October 30, 2003|John O'Dell | Times Staff Writer

Honda Motor Co. said Wednesday that it would add numerous safety features as standard equipment, including front-seat side air bags, side-curtain air bags and anti-lock brakes, to most of its cars and trucks sold in the U.S. by 2006.

Only the company's limited-volume sports cars -- the S2000 and NSX -- plus its experimental fuel cell vehicle and the two-seat Insight hybrid will be exempted.

Honda also will introduce an improved crash-resistant steel frame as it rolls out new models in the next few years, said Dan Bonawitz, vice president for corporate planning at Torrance-based American Honda Motor.

The initiative, coupled with Honda's launch of a $30-million advanced crash test center in Raymond, Ohio, is aimed at propelling the No. 2 Japanese car brand in the U.S. into the same league as Volvo and Mercedes-Benz on the safety front.

"This will raise the bar," said Joan Claybrook, president of Public Citizen, a Washington-based automotive safety advocacy group. "It is great leadership" by Honda and the way things should be done by industry without waiting for government regulation, she said.

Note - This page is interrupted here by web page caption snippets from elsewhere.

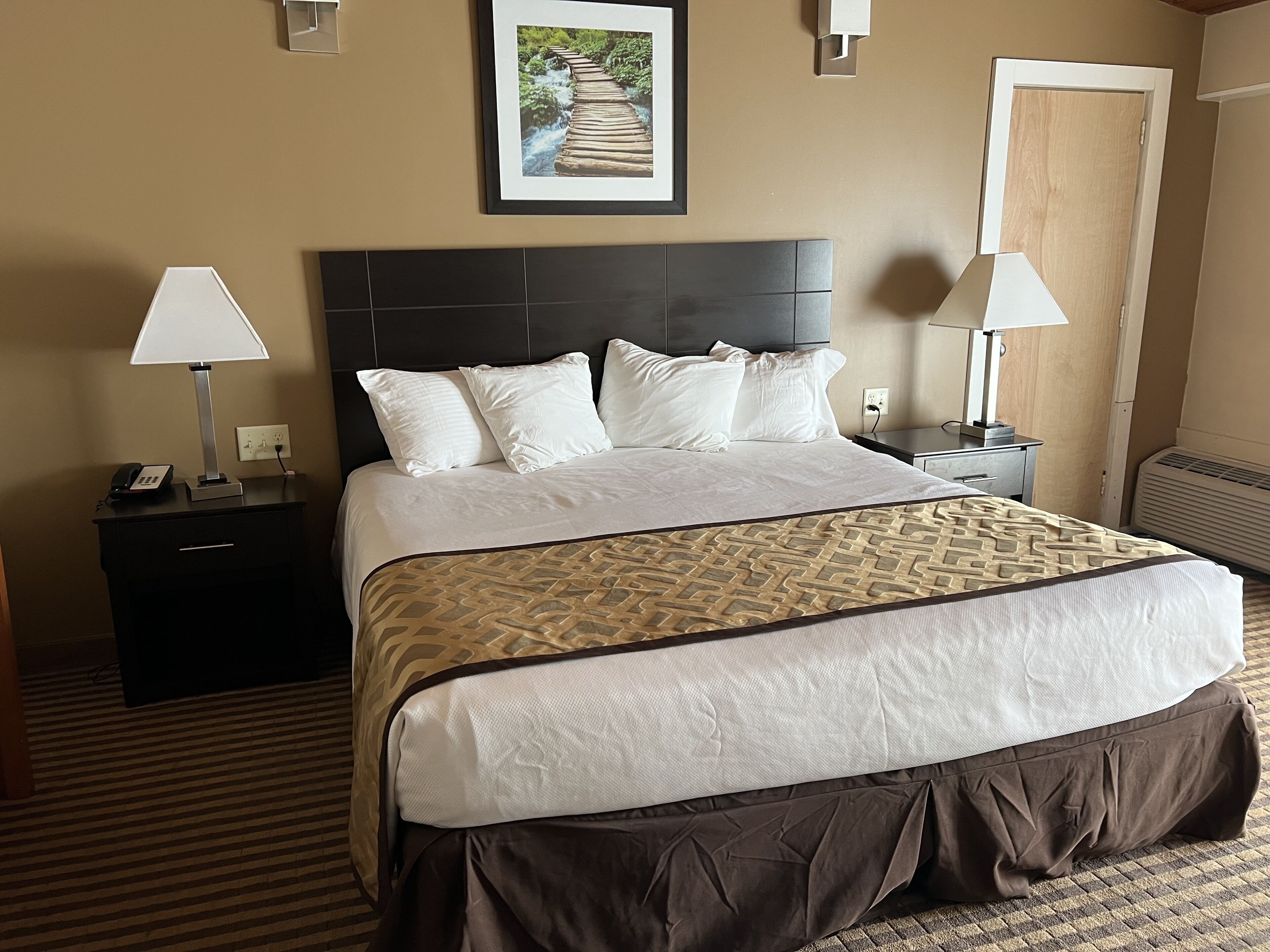 A hotel room with a large bed, two bedside tables with lamps, a nightstand with a phone, a framed picture on the wall, and a door.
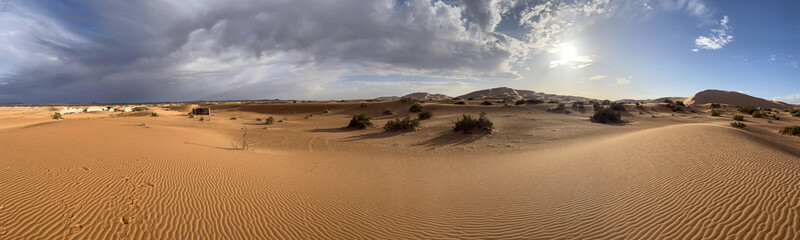 Fototapeta na wymiar Merzouga, Morocco, Africa, panoramic view of the dunes in the Sahara desert, grains of sand forming small waves on the beautiful dunes before sunset 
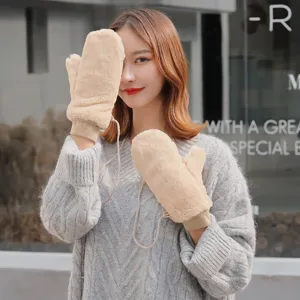 Winter warm plush mittens for women, thick fuzzy cold-proof gloves with hanging strap.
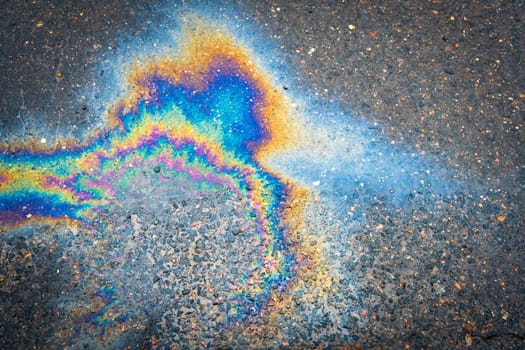 Gasoline oil spill on the pavement as a texture or background. Environmental pollution concept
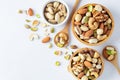 Mixed nuts in wooden bowl with spoon on white background, top view Royalty Free Stock Photo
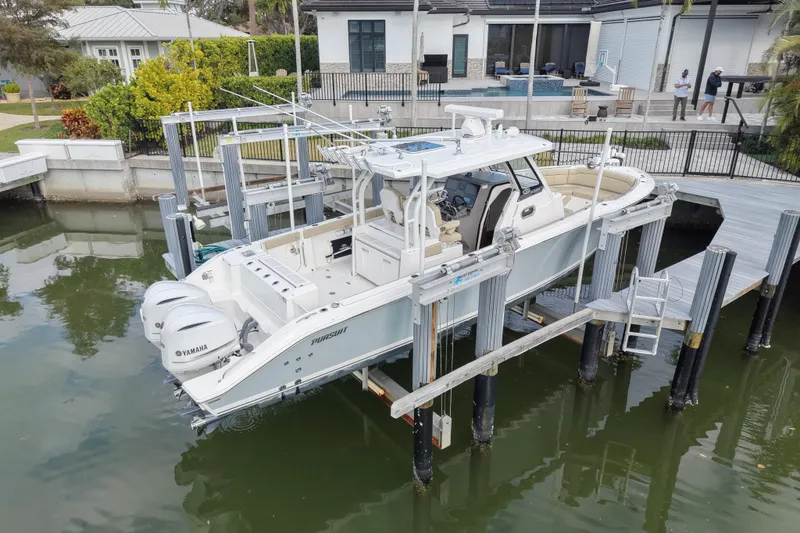 Slide: The Image of 2020 Pursuit S 328 Sport boat docked with dual Yamaha engines. - 3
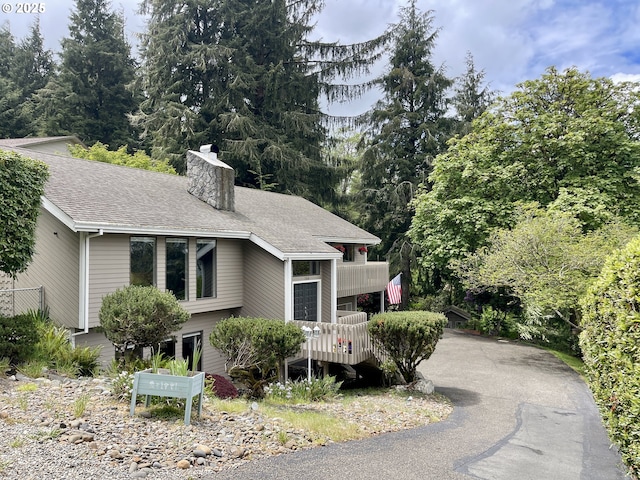 755 17th Ave, Coos Bay, OR 97420 - view of front of property with a chimney and roof with shingles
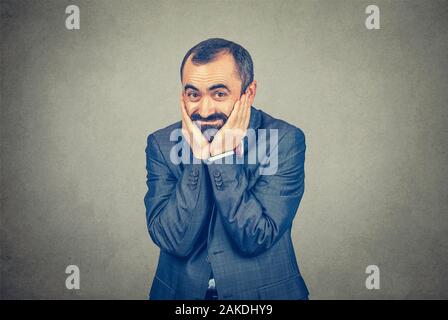 Closeup Portrait lächelnd nach eleganten bärtigen Mann in Anzug mit roter Schleife binden überrascht die Hände auf die Wangen isoliert grauen Hintergrund. Positive Stockfoto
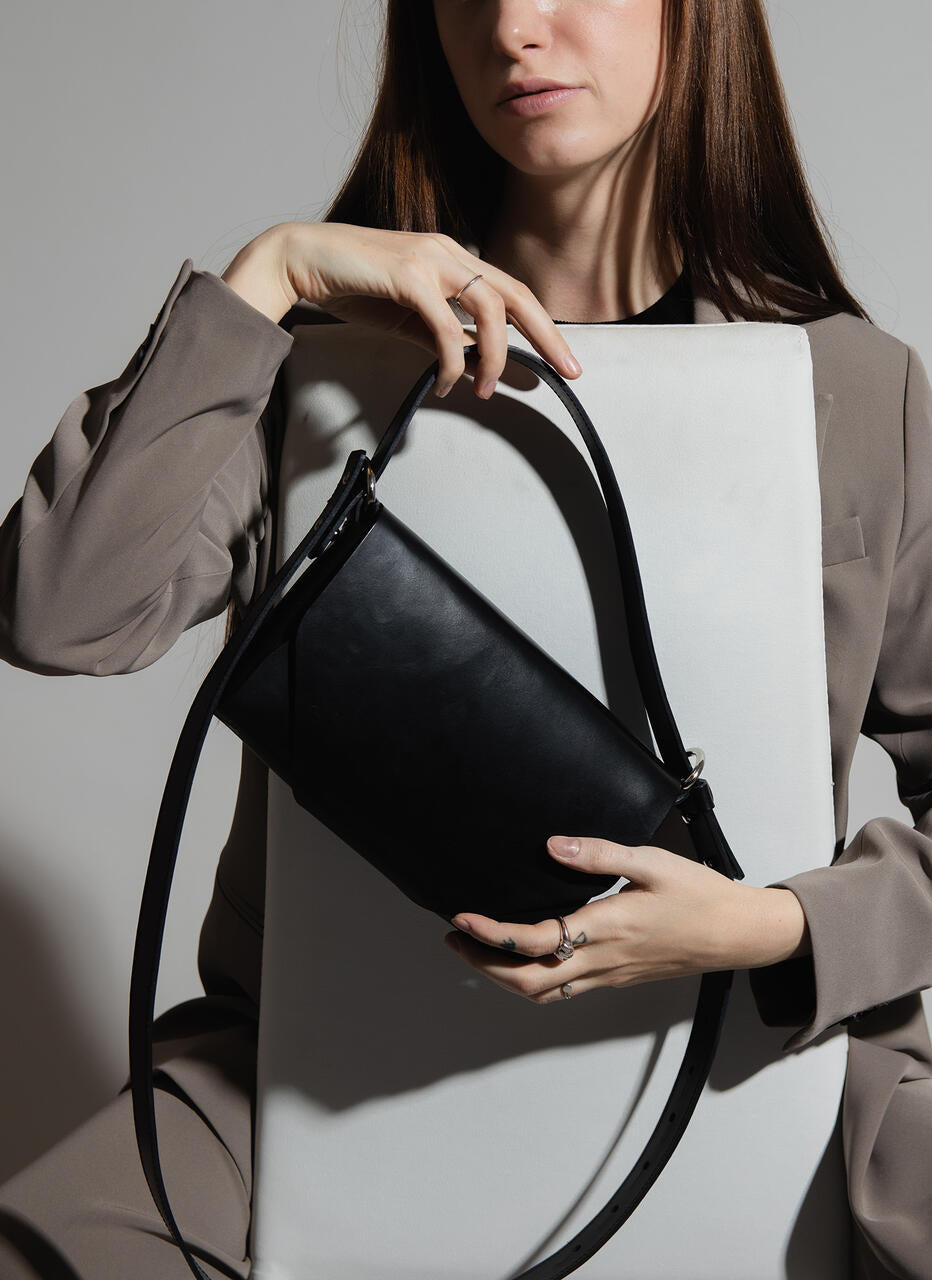 Black leather fanny bag held by a person in a modern setting, available on USMIH Grid for online purchase with card or crypto payments.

The added safety features are a smart move, said consultant George Peterson of AutoPacific Inc. in Tustin. Consumer research by his and other marketing firms, he said, shows that increasingly "safety sells."

Honda said its light trucks, such as the Odyssey minivan and Pilot and Acura MDX sport utility vehicles, would be outfitted with stability control systems and sensors to trigger side-curtain air bags in a rollover.

Honda also said it would step up safety research involving pedestrians with its advanced test equipment at the new Ohio center. And various safety systems already in use on more than 2 million Honda vehicles -- including shock-absorbing fenders and breakaway windshield wiper mounts intended to reduce head injuries when pedestrians are hit by vehicles -- will be applied to all new models.

Bonawitz said Honda had developed a "crash compatibility" frame that helps small vehicles better absorb and spread out the impact in frontal collisions with larger vehicles.

All new and redesigned models sold by Honda worldwide will be equipped with the frame, said Charlie Baker, American Honda's vice president for research and development.

Honda is among the industry leaders in crash safety, with five of its U.S. vehicles earning top ratings for front and side impact crash tests from the National Highway Traffic Safety Agency.

Bonawitz said the additional safety features could result in some modest price increases on some models.